Les ailes brisées 16

 Les ailes brisées (16)

 

       Autour d’eux, partout, le vent ignorant des frontières promenait sa cantilène, incessante, susurrante, insinuante, gémissante, dans la forêt de fougères, que l’intrusion des naufragés avait dérangée.

    Ils traversèrent cahin-caha les zones de turbulence d’un sommeil entrecoupé, fébrile et cauchemardesque. A chaque fois qu’ils se réveillaient, ils entendaient le vent poursuivre sa course plaintive, qui faisait se plier, ployer, se déplier, les fougères. Au lointain, des hurlements de ralliement conviaient les loups éparpillés à réunir leurs forces pour la traque.
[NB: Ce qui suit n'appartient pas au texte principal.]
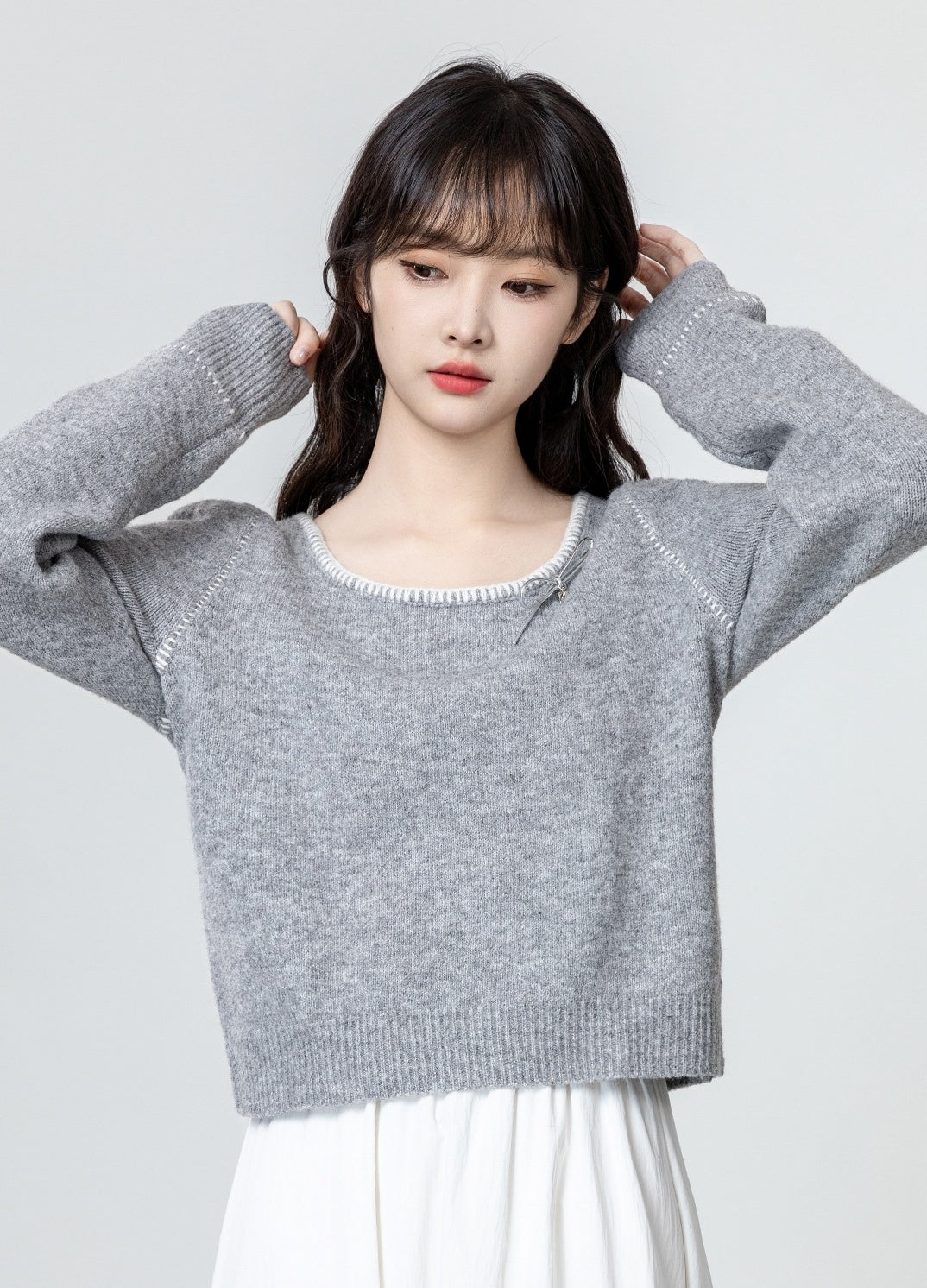 Gray Bow Knit Sweater Top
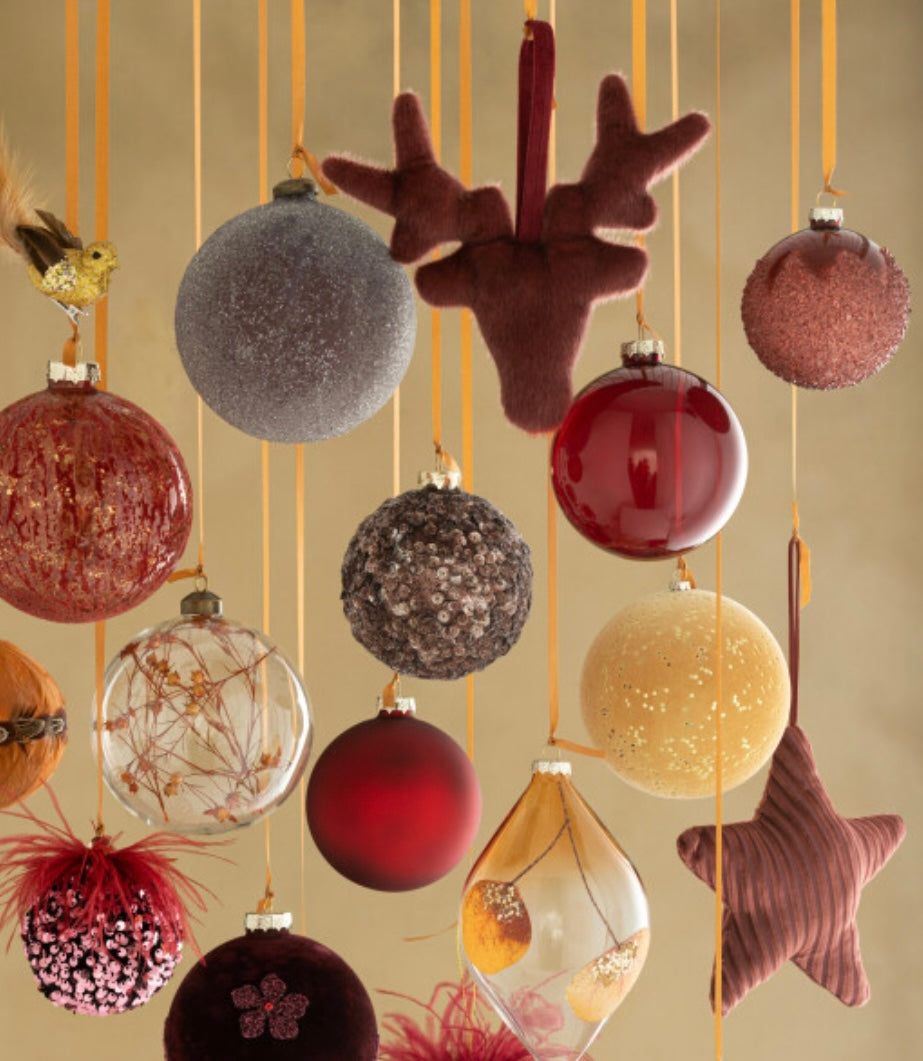 Boule sequins marrons en verre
La lune glaciale illuminait la nuit aux immenses, aux gigantesques proportions. Le cosmos avait assemblé la brillante armée de ses paisibles sentinelles. L’énorme cœur de la Nature palpitait : diastole d’une bourrasque, systole de l’accalmie.
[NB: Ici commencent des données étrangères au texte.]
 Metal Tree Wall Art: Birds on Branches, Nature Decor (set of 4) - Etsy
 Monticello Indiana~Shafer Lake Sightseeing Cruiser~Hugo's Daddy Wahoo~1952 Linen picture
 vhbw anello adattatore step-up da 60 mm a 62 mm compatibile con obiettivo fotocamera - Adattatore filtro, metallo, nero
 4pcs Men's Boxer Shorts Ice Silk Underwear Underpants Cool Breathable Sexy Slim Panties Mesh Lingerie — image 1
    Dans les sacs de couchage conçus pour de très basses températures,   les corps frileux des naufragés se recroquevillaient, mais le pire n’était pas d’avoir froid. Non, le plus grave était de sentir la fragilité, la vulnérabilité de l’homme face à la grandiose puissance du cosmos, qui déjà les avait projetés vers le sol, avait brisé leurs ailes, mais les avait épargnés, comme pour se montrer magnanime dans sa cruauté, ou cruel dans sa magnanimité, car désormais le chemin du salut serait long, très long, excessivement long.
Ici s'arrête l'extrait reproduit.